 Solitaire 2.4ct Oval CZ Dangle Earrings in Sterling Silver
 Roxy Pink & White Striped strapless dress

· · ·

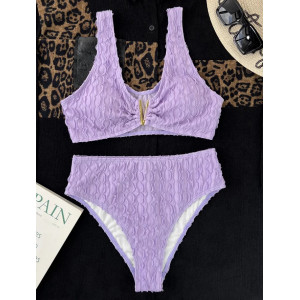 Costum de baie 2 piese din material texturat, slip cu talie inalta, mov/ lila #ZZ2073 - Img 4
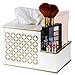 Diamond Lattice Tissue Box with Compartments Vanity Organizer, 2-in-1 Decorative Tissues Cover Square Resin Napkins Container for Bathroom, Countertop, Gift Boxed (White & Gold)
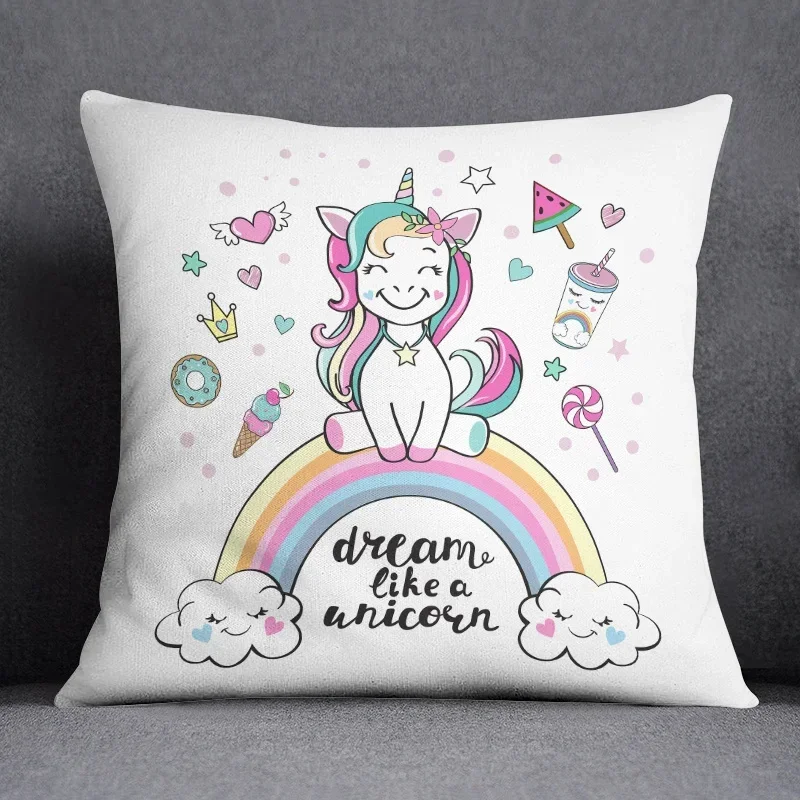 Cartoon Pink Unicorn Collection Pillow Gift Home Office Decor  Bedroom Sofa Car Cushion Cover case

· · ·

## [Aim of the task]
Using the data above, reproduce exactly the lines from the line that contains "Solitaire 2.4ct Oval" through the line that contains "Roxy Pink & White Striped strapless dress", including both.

## [Response box]
 Solitaire 2.4ct Oval CZ Dangle Earrings in Sterling Silver
 Roxy Pink & White Striped strapless dress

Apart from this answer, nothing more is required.